Sepeda merupakan model transportasi ramah lingkungan yang antipolusi, hemat energi, menyehatkan, dan terjangkau oleh seluruh strata masyarakat. Selain itu, bersepeda secara massal memberikan sederet manfaat lain. Pertama, para pejabat negara lebih merakyat. Jika selama ini mereka terkesan angker karena selalu dikawal dengan sederet kendaraan bermotor yang boros bensin, dengan bersepeda, pengawalan jadi lebih sederhana. Semakin banyak pejabat dan pengusaha bersepeda, otomatis kecemburuan sosial di antara anggota masyarakat akan berkurang.

Kedua, pembangunan jalur khusus sepeda akan membuka peluang kerja baru pada pelayanan kendaraan roda dua, baik di hari libur maupun hari biasa. Pastilah bengkel sepeda, penjual sepeda, penjual aksesori sepeda, hingga pabrik sepeda akan berdiri di seluruh penjuru Indonesia untuk melayani kebutuhan pengendara sepeda.

Ketiga, mengendarai sepeda juga identik dengan gaya hidup sederhana dan bersahaja.
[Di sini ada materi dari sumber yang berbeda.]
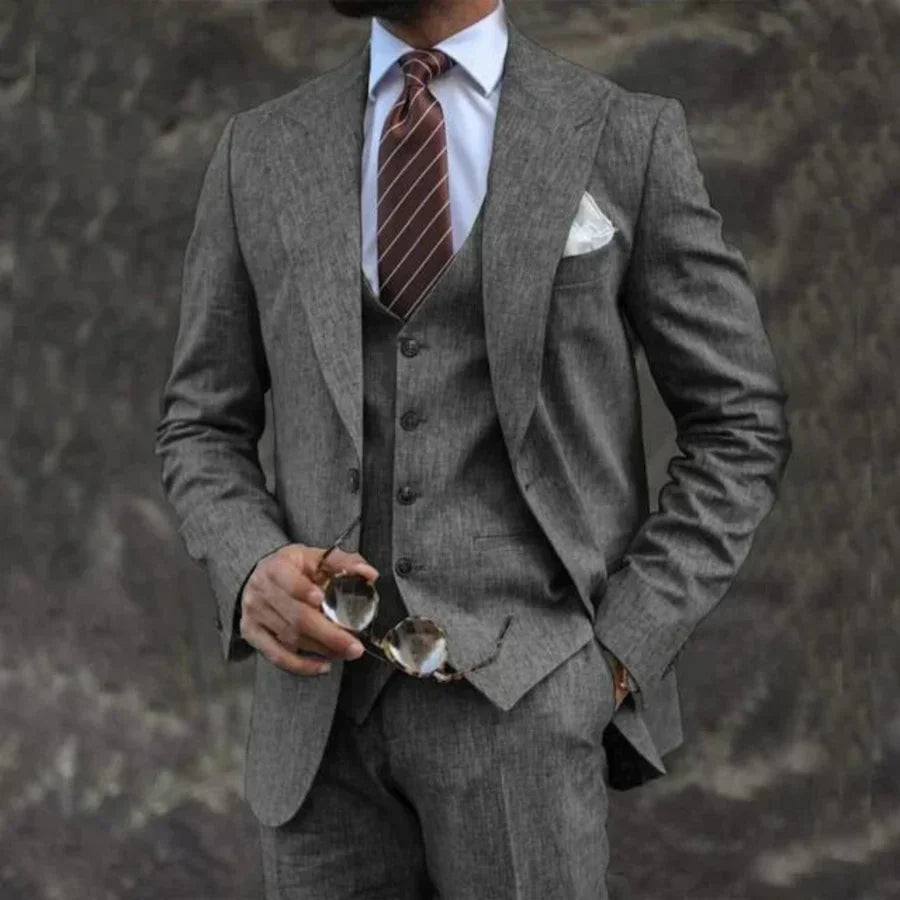 Rick | 3-Piece Men's Suit with Turned-Down Collar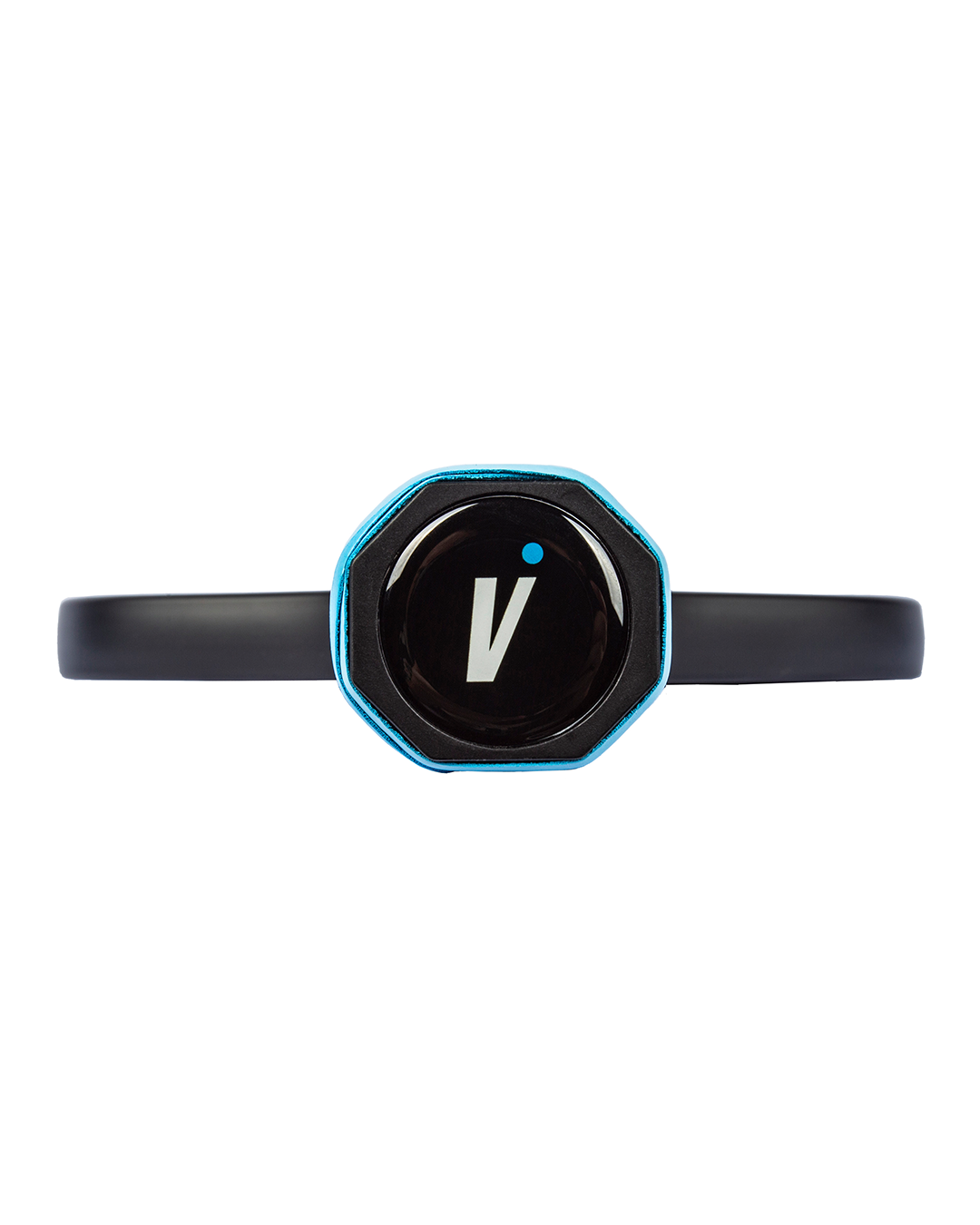 A black, octagonal wearable device with a blue rim and glossy face featuring Volair Pickleball's white "v" logo is centered against a white background—evoking the look of the Mach 2 Forza Pickleball Paddle.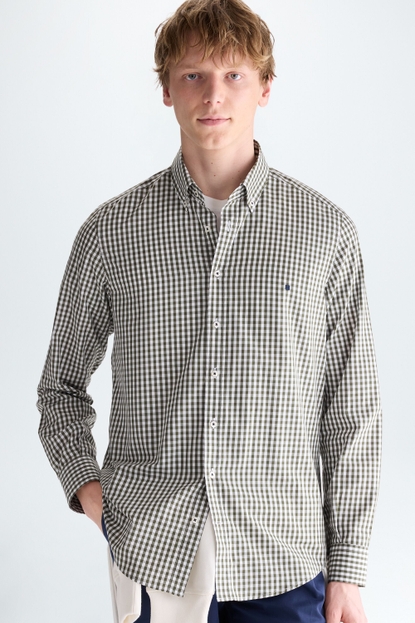 GINGHAM CHECK POPLIN SHIRT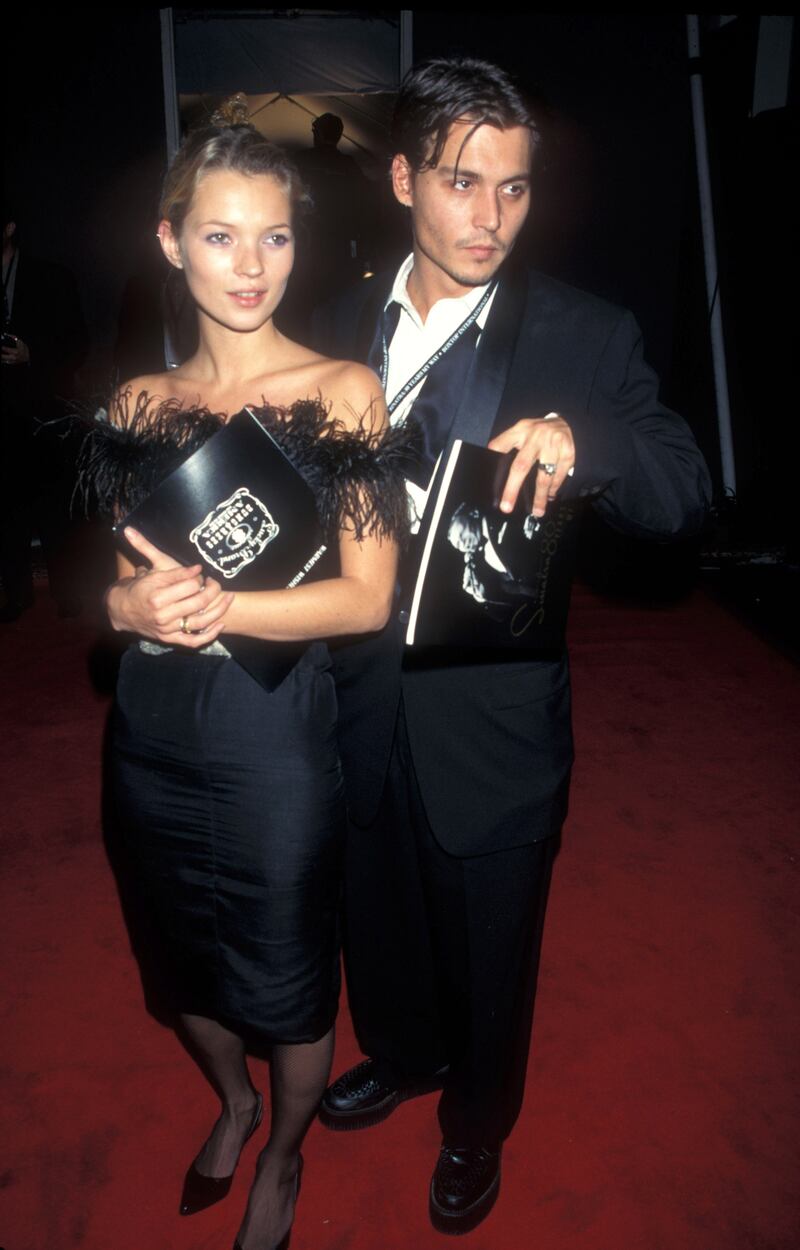 The supermodel and actor attend the 'Sinatra: 80 Years My Way' birthday celebration in California in 1995. Getty Images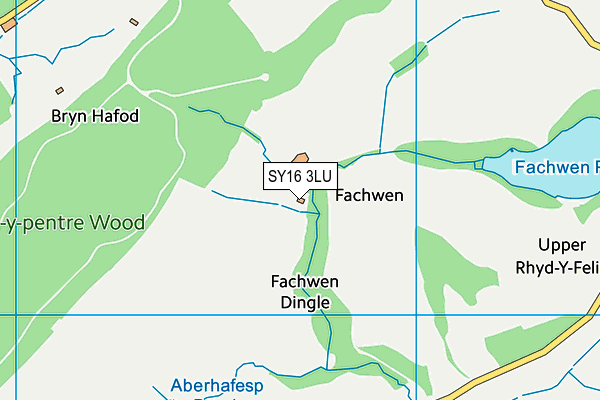 SY16 3LU map - OS VectorMap District (Ordnance Survey) SY16 3LU map - OS VectorMap District (Ordnance Survey)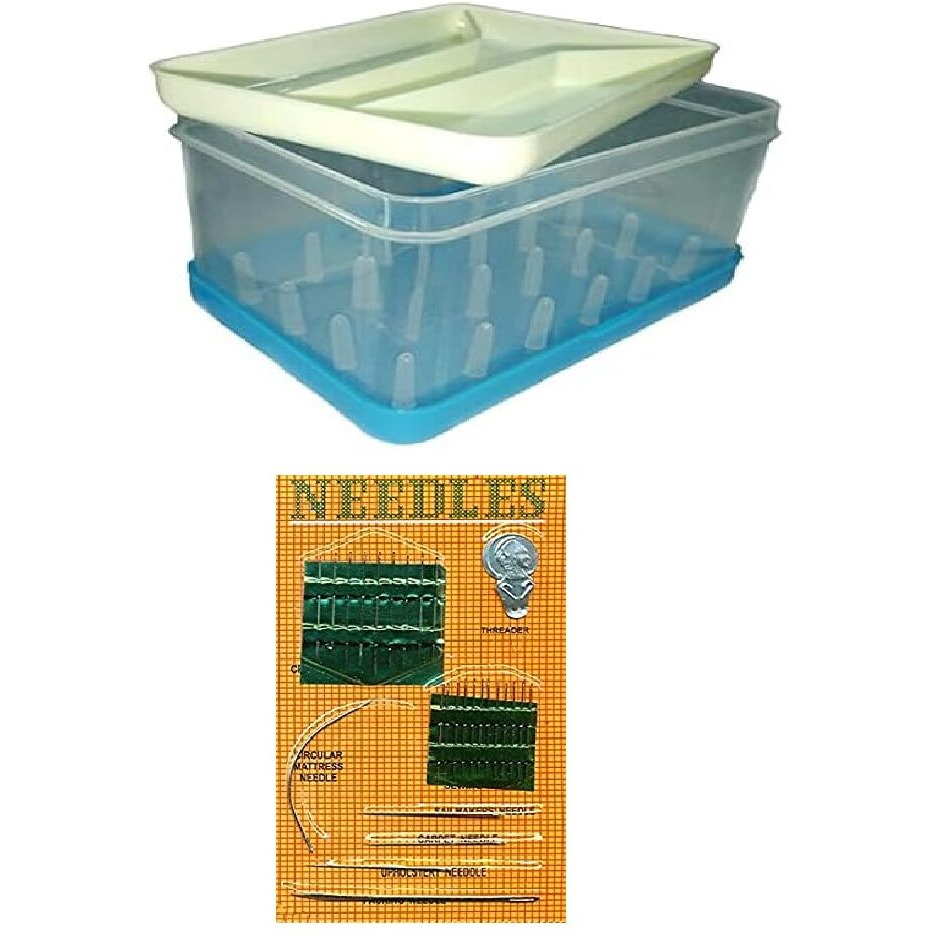 Korzystny 24 Reels Storage Sewing Supplies Organizer Rectangular Empty Plastic Tailoring Accessories Box Thread Button Storage Needle Box Big Size 24 Spools Tailor Kit (Multi Color)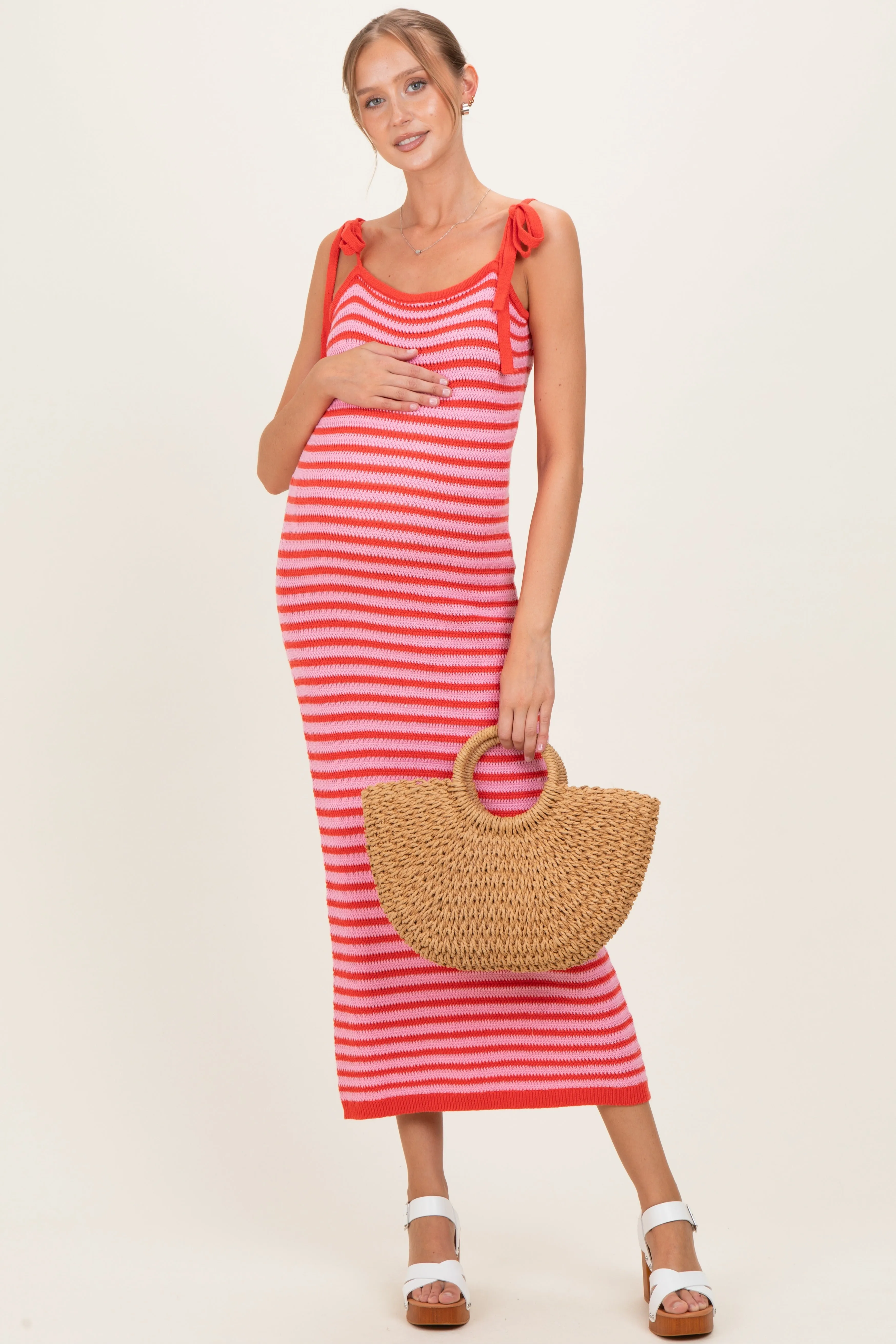 Pink Striped Knit Shoulder Tie Maternity Maxi Dress sold by Pinkblush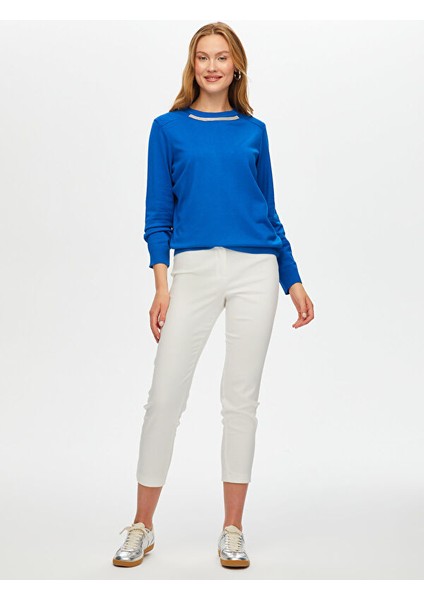 Zincir Şeritli Yuvarlak Yaka Triko Bluz S25TRB008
Seorang pengendara sepeda mau tidak mau harus menyesuaikan penampilannya dengan berpakaian sederhana. Berbeda dengan pengendara mobil yang selalu berpenampilan necis, glamor, dan cenderung "jaim" (jaga image). Perbuatan korupsi juga dapat dicegah dengan membiasakan orang naik sepeda.

Untuk mewujudkan gerakan bersepeda ini, pemerintah perlu membangun jalur khusus sepeda di pinggir trotoar, namun terpisah dengan area pejalan kaki. Sementara itu, pada hari libur, jalan utama ditutup untuk kendaraan bermotor sampai batas waktu tertentu untuk para pengendara sepeda. Dengan adanya tempat khusus bersepeda, para pengendara sepeda tidak perlu merasa cemas dan khawatir akan tersenggol oleh kendaraan bermotor, seperti yang sering dirasakan para pengendara sepeda saat ini.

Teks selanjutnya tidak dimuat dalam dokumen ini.